A conversation, but moments ago, the typed rather than spoken word, brought something to mind. It was the Queen of Hearts, on the other end of the email, from her urban sprawl where the coos do not invade the garden, or not yet anyway. Apropos nothing much at all I mentioned that Dr Finlay was chuntering away in the background, as I enjoyed some quiet time with The Urchins safely abed, and The Rural in committee discussing things of importance to the wifies of the parish.
Dr Finlay, aye Janet that one. As it happens it was just the other day that the rest of the family took the final three seats, leaving yours truly to walk in the rain, aboard the charabanc known as the Pride of Tannochbrae. If I watch the good doctor long enough I’ll probably see that same bus whilst he’s out on his rounds. I had meant to make a few notes of our afternoon out, but hadn’t got round to it; forgotten it even.
There is a festival going on at the moment, a Little one. It is in one of my favourite towns, the one with the bookshop; yes that bookshop, which reminds me that Linda Cracknell, who I have mentioned a couple of times, is at said store today, with her new book, Call of the Undertow – a copy of which is already tucked away for a certain person’s festive stocking.
Anyway, Atkinson-Pryce Books are playing a significant role in the Biggar Little Festival, and opening the shop on a Sunday afternoon was one of the things that drew me south, with a birthday token looking to be exchanged for reading material. A transaction was, as it happens, completed and The Bedside Table groans further, with tales to be told another day.
There was a second-hand book fair too, at the Puppet Theatre. But it was dire, the book sale, not the theatre. But the disappointment was tempered with a guided tour of the theatre a few minutes later; it was raining outside. Urchin the Younger was with me, and he was keen to look around.

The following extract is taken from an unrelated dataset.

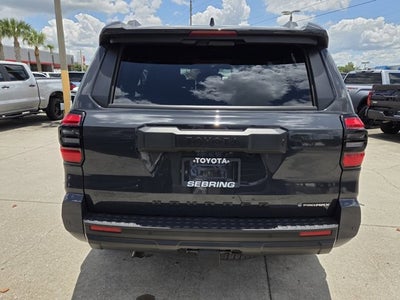 2025 Toyota 4Runner TRD Off Road Premium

Being somewhat underwhelmed at the prospect, but recognising that it was free, I put on my happy face.
Blown away, both of us. What a treat we had from Purves Puppets. The theatre itself is spectacular; a sort of Victorian-style traditional theatre, in miniature. It has boxes and pillars, statues – of Mr Punch and Mistress Judy – and lighting and curtains and all sorts; and there’s seating for a hundred or so, of all ages. There’s a superb mural painted by our host; a Russian take on Snow White. Quite magnificent.
Then the puppeteers got to work. Wow. Boy Urchin was entranced. And as a result the best wee school around is considering an alternative to the annual trip to the panto or cinema over the festive season. I hope they can make it happen, for it will be an experience for the children. There should just be enough time for what will be a lengthy journey either side of the show.
And there’s plenty more to see and do as the BLF rumbles on. From jazz to book readings, rogue Vikings saying sorry and of course a stonking single nougat on the ice cream trail. You’ve missed Andrew Greig by now, but there’s more to come. And you can take a ride on the Pride of Tannochbrae; or better still on the magnificent coach & four that plied the high street, from the bookshop to the hog roast, on that Sunday afternoon. And you can thank the Queen of Hearts for bringing it back to mind.